Austrian Science Fund
- Logo
- Abbreviation: FWF
- Formation: 4 March 1968; 58 years ago
- Location: Vienna;
- Website: fwf.ac.at

= Austrian Science Fund =

The Austrian Science Fund (Fonds zur Förderung der wissenschaftlichen Forschung, FWF) is the most important Austrian funding organization for basic research. The FWF supports research in science, engineering, and the humanities through a large variety of grant programmes, prizes and by funding infrastructure. The self-governed organization is based in Vienna and financed by the Austrian federal government.
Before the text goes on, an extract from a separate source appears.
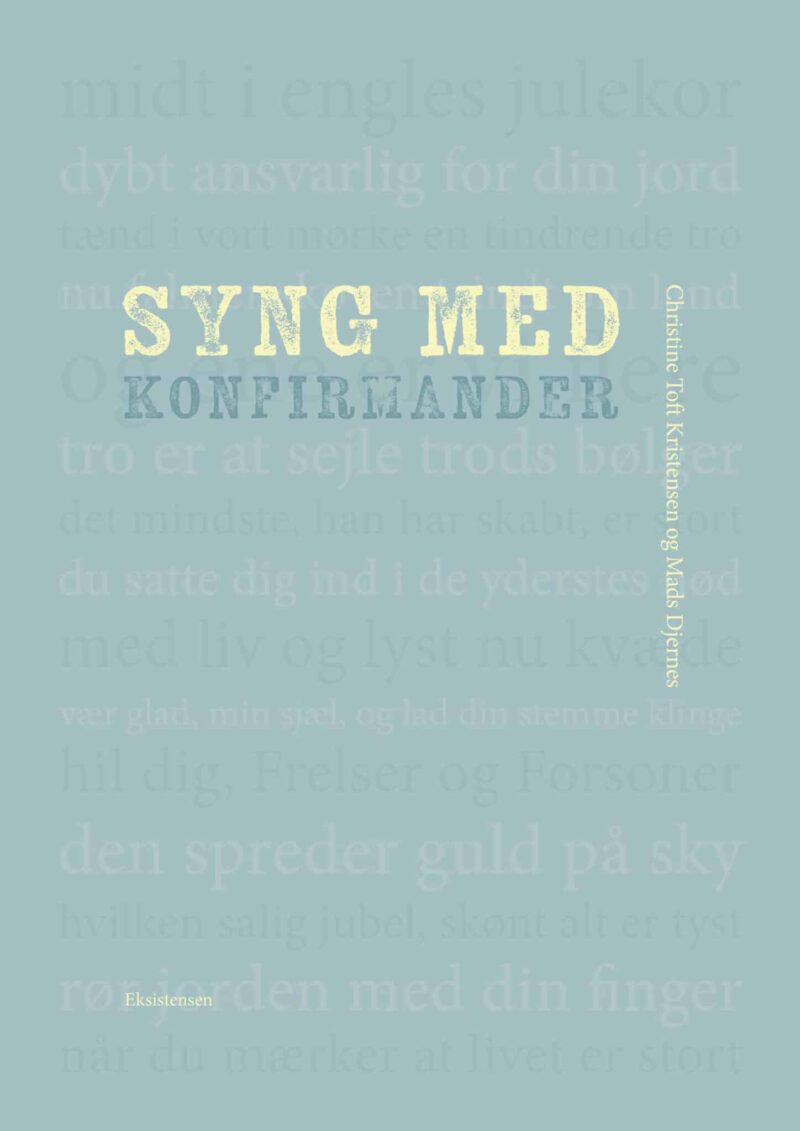 Syng med konfirmander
In September 2023 president Christof Gattringer voiced funding concerns: a three-year budget consensus previously reached with the Ministry of Education is lacking confirmation by the Ministry of Finance despite continuing high inflation in Austria.

==Organisation==

The Austrian Science Fund was established in 1967 and had a budget of 91 million euros in 2001. Most projects are individual research grants for up to three years. In addition, it also supports national research clusters, doctoral schools, scholarships for young researchers and awards like the START- and Wittgenstein-Preis. Pascale Ehrenfreund was elected president of the FWF on 6 June 2013. In recent years, the Austrian Science Fund provides growing support for the publication of articles and monographs in the open access format.

== Membership ==

The Austrian Science Fund is a member of the European Science Foundation.